Probably the biggest news story of 1928 was the war-making nations of the world coming together on August 27th and legally outlawing war. It's a story that's not told in our history books, but it's not secret CIA history. There was no CIA. There was virtually no weapons industry as we know it. There weren't two political parties in the United States uniting in support of war after war. In fact, the four biggest political parties in the United States all backed abolishing war.
Cue whining, polysyllabic screech: "But it didn't wooooooooork!"
I wouldn't be bothering with it if it had. In its defense, the Kellogg-Briand Pact (look it up or read my book) was used to prosecute the makers of war on the losing sides following World War II (an historic first), and -- for whatever combination of reasons (nukes? enlightenment? luck?) -- the armed nations of the world have not waged war on each other since, preferring to slaughter the world's poor instead. Significant compliance following the very first prosecution is a record that almost no other law can claim.
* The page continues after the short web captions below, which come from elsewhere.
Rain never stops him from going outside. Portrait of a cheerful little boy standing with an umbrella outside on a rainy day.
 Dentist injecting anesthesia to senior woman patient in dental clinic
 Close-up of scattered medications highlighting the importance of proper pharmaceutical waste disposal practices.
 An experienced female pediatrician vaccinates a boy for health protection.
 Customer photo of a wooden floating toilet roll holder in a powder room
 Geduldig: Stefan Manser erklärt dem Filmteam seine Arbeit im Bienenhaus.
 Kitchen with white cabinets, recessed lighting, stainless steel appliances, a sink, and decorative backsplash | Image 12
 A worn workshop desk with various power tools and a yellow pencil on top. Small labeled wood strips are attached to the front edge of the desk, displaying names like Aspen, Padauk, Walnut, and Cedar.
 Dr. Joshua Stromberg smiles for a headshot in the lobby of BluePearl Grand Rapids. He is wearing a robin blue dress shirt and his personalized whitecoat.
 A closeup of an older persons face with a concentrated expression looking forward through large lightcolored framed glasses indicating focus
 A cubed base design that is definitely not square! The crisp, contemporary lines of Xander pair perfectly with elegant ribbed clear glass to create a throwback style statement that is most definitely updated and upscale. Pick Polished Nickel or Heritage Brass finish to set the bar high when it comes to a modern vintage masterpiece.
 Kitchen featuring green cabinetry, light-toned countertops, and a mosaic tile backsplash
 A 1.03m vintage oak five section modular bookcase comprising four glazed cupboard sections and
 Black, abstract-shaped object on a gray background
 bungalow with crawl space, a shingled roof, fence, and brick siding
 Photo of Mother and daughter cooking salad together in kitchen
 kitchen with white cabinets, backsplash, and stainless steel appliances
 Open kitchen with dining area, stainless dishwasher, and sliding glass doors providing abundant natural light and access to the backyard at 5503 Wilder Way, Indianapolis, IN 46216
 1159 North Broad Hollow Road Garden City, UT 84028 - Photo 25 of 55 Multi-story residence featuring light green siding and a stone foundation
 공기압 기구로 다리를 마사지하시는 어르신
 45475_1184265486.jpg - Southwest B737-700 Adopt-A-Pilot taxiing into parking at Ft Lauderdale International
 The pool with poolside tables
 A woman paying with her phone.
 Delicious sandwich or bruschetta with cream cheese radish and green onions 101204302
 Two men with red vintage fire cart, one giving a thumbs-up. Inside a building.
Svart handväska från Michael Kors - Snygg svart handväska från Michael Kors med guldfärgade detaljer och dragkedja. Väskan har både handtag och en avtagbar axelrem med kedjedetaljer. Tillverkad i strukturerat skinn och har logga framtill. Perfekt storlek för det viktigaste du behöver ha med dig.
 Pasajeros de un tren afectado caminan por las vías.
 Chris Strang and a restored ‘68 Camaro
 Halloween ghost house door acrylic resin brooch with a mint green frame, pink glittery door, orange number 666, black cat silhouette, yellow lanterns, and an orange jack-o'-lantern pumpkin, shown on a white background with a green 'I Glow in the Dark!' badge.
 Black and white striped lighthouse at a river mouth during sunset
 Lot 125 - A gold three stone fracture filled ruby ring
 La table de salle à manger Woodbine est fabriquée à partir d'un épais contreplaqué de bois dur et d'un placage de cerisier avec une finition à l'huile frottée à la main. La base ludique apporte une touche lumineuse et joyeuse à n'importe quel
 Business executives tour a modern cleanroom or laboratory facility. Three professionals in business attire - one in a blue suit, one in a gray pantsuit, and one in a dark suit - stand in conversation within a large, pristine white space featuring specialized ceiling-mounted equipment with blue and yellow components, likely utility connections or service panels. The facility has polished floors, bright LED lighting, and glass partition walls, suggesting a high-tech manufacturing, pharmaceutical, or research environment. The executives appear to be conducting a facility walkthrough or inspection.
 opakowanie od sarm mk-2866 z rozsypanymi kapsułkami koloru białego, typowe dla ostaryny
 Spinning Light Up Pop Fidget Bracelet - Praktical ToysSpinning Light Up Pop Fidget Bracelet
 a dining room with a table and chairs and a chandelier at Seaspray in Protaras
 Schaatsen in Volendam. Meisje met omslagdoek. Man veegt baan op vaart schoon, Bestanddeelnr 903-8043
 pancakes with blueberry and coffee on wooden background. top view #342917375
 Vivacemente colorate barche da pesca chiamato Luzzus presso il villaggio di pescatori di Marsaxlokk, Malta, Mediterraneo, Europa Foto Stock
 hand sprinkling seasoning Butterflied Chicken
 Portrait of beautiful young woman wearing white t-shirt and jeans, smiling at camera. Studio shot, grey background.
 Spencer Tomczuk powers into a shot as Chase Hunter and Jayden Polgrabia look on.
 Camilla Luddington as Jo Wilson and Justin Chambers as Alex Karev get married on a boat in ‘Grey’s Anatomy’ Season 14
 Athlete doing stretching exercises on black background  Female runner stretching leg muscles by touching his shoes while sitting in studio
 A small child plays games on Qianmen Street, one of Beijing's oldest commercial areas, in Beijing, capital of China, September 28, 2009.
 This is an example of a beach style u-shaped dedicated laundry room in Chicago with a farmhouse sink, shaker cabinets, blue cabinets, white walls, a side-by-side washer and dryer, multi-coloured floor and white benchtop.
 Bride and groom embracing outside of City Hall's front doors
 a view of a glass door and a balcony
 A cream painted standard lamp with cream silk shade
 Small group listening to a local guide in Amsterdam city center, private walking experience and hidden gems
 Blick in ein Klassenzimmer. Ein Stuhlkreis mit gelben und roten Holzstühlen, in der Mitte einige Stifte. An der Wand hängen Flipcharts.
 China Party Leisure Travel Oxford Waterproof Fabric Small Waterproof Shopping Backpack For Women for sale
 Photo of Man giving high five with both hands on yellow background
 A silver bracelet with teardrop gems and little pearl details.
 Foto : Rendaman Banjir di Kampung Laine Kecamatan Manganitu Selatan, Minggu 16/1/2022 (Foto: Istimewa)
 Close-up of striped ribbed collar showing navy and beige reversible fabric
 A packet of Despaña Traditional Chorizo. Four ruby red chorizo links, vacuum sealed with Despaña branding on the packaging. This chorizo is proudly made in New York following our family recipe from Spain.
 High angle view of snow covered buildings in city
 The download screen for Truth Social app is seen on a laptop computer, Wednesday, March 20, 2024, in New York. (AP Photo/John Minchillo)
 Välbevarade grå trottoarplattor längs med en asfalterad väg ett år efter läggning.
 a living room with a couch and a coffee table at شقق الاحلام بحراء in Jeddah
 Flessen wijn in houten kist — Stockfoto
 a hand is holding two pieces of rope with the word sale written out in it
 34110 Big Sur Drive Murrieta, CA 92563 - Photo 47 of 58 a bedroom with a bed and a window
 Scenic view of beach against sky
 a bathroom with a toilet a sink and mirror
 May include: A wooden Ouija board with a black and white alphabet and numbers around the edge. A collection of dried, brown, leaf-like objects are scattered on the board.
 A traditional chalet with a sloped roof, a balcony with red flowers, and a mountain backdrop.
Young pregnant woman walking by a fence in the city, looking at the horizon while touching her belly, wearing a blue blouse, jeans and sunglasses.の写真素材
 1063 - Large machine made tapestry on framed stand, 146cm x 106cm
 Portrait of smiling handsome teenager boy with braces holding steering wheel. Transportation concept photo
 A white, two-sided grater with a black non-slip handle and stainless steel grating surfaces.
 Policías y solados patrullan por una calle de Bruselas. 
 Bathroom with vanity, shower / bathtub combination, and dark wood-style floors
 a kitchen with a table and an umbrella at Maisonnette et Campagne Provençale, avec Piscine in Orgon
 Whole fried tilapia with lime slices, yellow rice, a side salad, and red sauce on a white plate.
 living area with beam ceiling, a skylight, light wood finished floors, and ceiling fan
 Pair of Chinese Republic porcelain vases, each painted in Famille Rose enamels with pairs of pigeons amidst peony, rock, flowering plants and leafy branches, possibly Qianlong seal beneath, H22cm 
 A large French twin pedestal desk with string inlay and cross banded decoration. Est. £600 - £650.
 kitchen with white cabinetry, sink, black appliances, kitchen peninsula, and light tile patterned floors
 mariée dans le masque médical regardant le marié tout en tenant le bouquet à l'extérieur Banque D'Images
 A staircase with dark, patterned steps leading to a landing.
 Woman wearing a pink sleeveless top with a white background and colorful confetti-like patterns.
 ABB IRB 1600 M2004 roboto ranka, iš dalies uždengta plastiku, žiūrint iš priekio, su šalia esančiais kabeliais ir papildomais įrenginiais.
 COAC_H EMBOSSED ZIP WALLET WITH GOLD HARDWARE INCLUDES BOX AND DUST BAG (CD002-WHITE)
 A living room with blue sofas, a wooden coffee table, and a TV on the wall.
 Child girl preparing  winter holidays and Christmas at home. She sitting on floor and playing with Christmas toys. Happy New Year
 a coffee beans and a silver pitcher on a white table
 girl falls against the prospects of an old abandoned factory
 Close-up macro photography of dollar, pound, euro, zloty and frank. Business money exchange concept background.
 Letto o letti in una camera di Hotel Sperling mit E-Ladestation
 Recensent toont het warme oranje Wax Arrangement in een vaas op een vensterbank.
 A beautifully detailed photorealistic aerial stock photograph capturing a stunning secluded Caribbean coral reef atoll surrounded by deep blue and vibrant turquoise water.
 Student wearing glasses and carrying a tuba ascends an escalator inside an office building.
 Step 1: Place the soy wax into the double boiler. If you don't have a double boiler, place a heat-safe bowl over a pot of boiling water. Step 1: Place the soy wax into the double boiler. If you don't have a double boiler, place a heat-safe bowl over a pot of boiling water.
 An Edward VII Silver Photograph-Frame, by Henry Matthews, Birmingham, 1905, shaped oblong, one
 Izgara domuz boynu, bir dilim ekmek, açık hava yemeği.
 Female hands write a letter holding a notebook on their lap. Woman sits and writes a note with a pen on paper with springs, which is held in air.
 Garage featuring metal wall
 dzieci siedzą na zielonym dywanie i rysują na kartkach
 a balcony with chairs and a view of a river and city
The Kellogg-Briand Pact has two chief values, as I see it. First, it's the law of the land in 85 nations including the United States, and it bans all war-making. For those who claim that the U.S. Constitution sanctions or requires wars regardless of treaty obligations, the Peace Pact is no more relevant than the U.N. Charter or the Geneva Conventions or the Anti-Torture Convention or any other treaty. But for those who read the laws as they are written, beginning to comply with the Kellogg-Briand Pact makes far more sense than legalizing drone murders or torture or bribery or corporate personhood or imprisonment without trial or any of the other lovely practices we've been "legalizing" on the flimsiest of legal arguments. I'm not against new national or international laws against war; ban it 1,000 times, by all means, if there's the slightest chance that one of them will stick. But there is, for what it's worth, already a law on the books if we care to acknowledge it.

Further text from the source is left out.